Asking Questions of Your Text
These questions will stimulate the exercise of listening carefully to the text. Not all questions will be pertinent to your text, and some will remain unanswerable.
- Who wrote this text? What can you learn about the background of the writer?
- To whom did they write it, in what circumstances, and for what purpose?
- Is there a historical-cultural issue in your passage? If so, how does understanding the cultural reference shed light on the meaning of the text?
Listening to the Text
- Are there any textual-critical difficulties you need to investigate?
- What is the text about?
- What is the genre of the text? Does it mix genres?
- How does your reading of the original languages shed light on the text?

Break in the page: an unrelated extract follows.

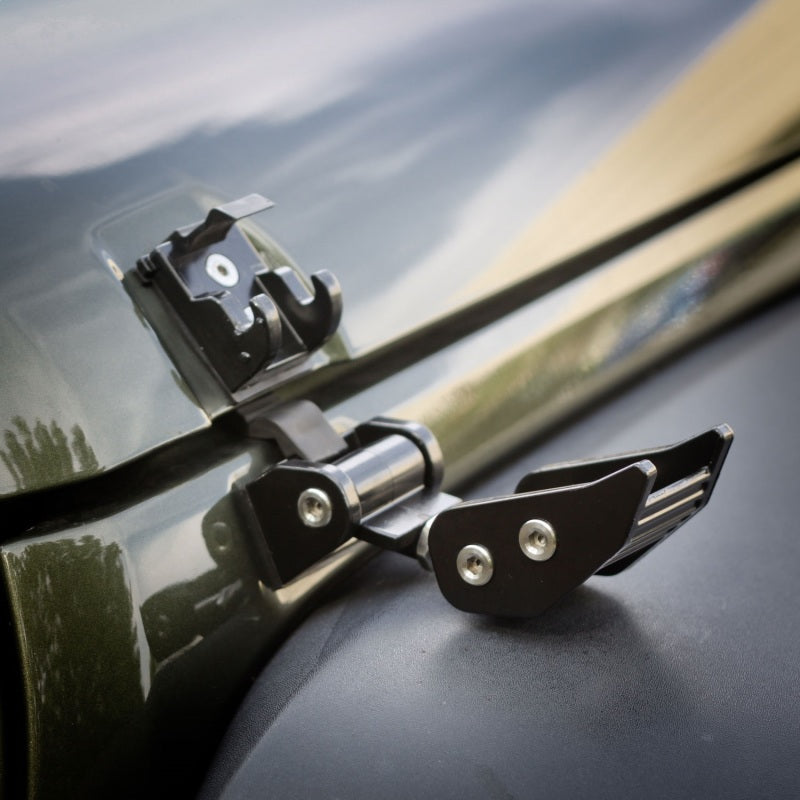 Rugged Ridge 07-18 Jeep Wrangler JK Black Hood Catches Rugged Ridge Brackets AXOPROS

- Does a discourse analysis of the passage reveal any questions about the grammar or syntax of the passage?
- What key words need to have their meaning clarified?
- What literary structure and devices does your author employ (e.g., irony, imagery, metaphor)?
- What textual clues define your text?
- What do the surrounding pericopes mean for the delineation and interpretation of your passage? What role does your text play in the book (or collection of books) in which it sits?
- If the author has written other biblical books, how do they shed light on your text?
- Does your text allude to or explicitly reference another passage of Scripture? Does your text allude to or explicitly reference an Old Testament text? Is your text referenced or alluded to by another passage? Are there key people, places, things, or themes in your text that are also found elsewhere in Scripture?